By Christine Webster
For the past 40 years, Riverland citrus company, P.Costi and Sons has been contributing to South Australia’s economy through horticulture and boosting the region’s population by employing locals and overseas workers.
Its Venus Citrus brand of fruit has become highly sought after globally, especially in Asia and among Australian consumers.
The company’s founder, the late Peter Costi, who died in 1995, labelled his oranges Venus Citrus after his homeland, the Island of Venus in Cyprus.
And it seems as if Venus, the goddess of love, beauty and inspiration, has shone down on the Loxton-based company, contributing to its direction and ability to survive some tough years, including the drought during 2009 to 2012.
Peter Costi moved to SA’s Riverland in 1973 from Sydney and soon established himself as a citrus grower and packer, selling his own fruit at a stand at the Melbourne market.

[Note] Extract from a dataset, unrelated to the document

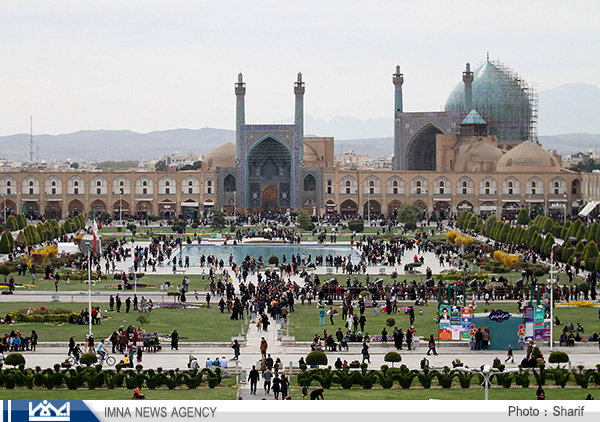 اصفهان را با همه زیبایی هایش دوست دارم حتی اگر در شمال باشم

He set up P. Costi and Sons in 1977.
Managing director and marketing manager for Venus Citrus Helen Aggeletos, who has worked for the company her father established for 30 years, attributes hard work and commitment to its achievements.
The third-generation family business exports produce it sources from 38 Riverland citrus growers to more than 20 countries around the world.
The beautifully packaged Venus Citrus oranges and mandarins can also be found in supermarkets in most Australian capital cities.
The company employs 75 people at the peak of the citrus season and 60% of these staff are from the Riverland.
The rest are backpackers, a group of Pacific Islanders employed under the Federal Government’s seasonal workers’ scheme and eight staff from overseas, who have been sponsored to work in Australia by P. Costi and Sons.
These sponsored workers come from countries such as France, Belgium, Italy, Japan and South Korea and initially came to the Riverland as backpackers.
After four years, they will be able to apply for permanent residency to make Loxton home.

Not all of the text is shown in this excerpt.